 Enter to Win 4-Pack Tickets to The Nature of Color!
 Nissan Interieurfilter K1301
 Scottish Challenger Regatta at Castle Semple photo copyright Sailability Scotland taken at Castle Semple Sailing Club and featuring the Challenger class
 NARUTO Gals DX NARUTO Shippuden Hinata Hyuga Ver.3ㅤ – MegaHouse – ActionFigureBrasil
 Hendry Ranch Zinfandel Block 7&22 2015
...
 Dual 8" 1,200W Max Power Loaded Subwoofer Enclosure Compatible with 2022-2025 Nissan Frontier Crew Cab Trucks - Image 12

Your objective> An exact copy of the lines above between the line holding "Scottish Challenger Regatta" and the line holding "Hendry Ranch Zinfandel Block 7&22 2015", inclusive, is the whole answer.

Problem solution>
 Scottish Challenger Regatta at Castle Semple photo copyright Sailability Scotland taken at Castle Semple Sailing Club and featuring the Challenger class
 NARUTO Gals DX NARUTO Shippuden Hinata Hyuga Ver.3ㅤ – MegaHouse – ActionFigureBrasil
 Hendry Ranch Zinfandel Block 7&22 2015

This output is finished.